Why this json encode format is not working .If I write it outside of the all brackets.Then it works,but get only one row.Plz help
$sql=mysqli_query($database,"SELECT * FROM com ORDER by time DESC");
while($row=mysqli_fetch_array($sql)){
$mid=$row['id'];
$text=$row['text'];
if($text) {
$response=array();
$response['msg']=$text;
$response['id']=$id;
echo json_encode($response);
}
}
//$response=array();
// $response['msg']=$text;
// $response['id']=$mid;
// echo json_encode($response);
Jquery for getting above results.
function com(id){
$.post('load.php', {tocom:id},function(data) {
var json = eval('(' + data + ')');
if(json['msg'] != "") {
var msg=json['msg'];
var fro=json['id'];
$("#msg).html(fro+msg);
}
});
}
You are not giving one json response, but as much response as you have iterations in your while.

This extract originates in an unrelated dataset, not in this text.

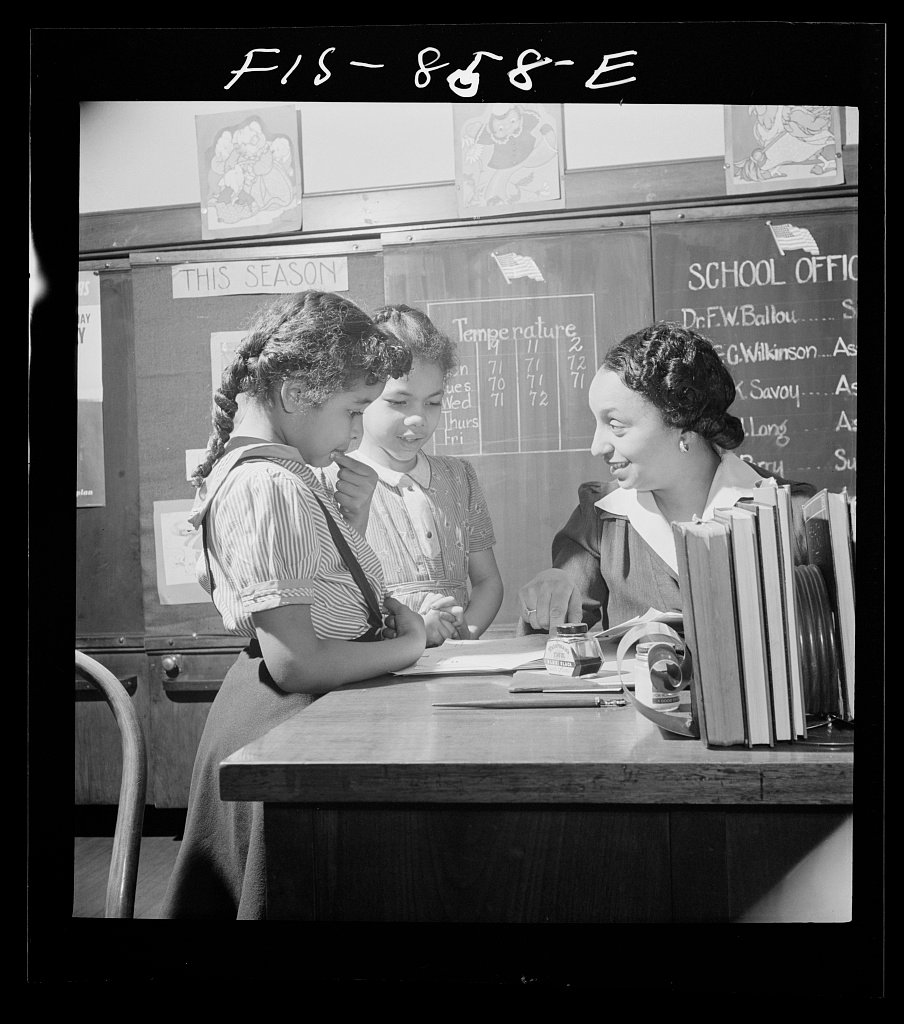 A teacher leaning over a desk to guide two pupils through their written work.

The good syntax should be :
PHP :
$sql=mysqli_query($database,"SELECT * FROM com ORDER by time DESC");
$final_response = array();
while($row=mysqli_fetch_array($sql)){
$mid=$row['id'];
$text=$row['text'];
if($text) {
$response=array();
$response['msg']=$text;
$response['id']=$id;
$final_response[] = $response;
}
}
echo json_encode($final_response);
JS :
function com(id){
$.post('load.php', {tocom:id},function(data) {
$("#msg").html('');
var json = eval('(' + data + ')');
$.each(json, function(i, row) {
if(row['msg'] != "") {
var msg=row['msg'];
var fro=row['fro'];
$("#msg").append(fro+msg);
}
});
});
}
You are posting the json right after you read the first entry from the mysql result. That produces a json construct which terminates your reply for the querying client side.
Instead you have to collect all rows into an array inside php first and THEN convert the whole array into a json structure.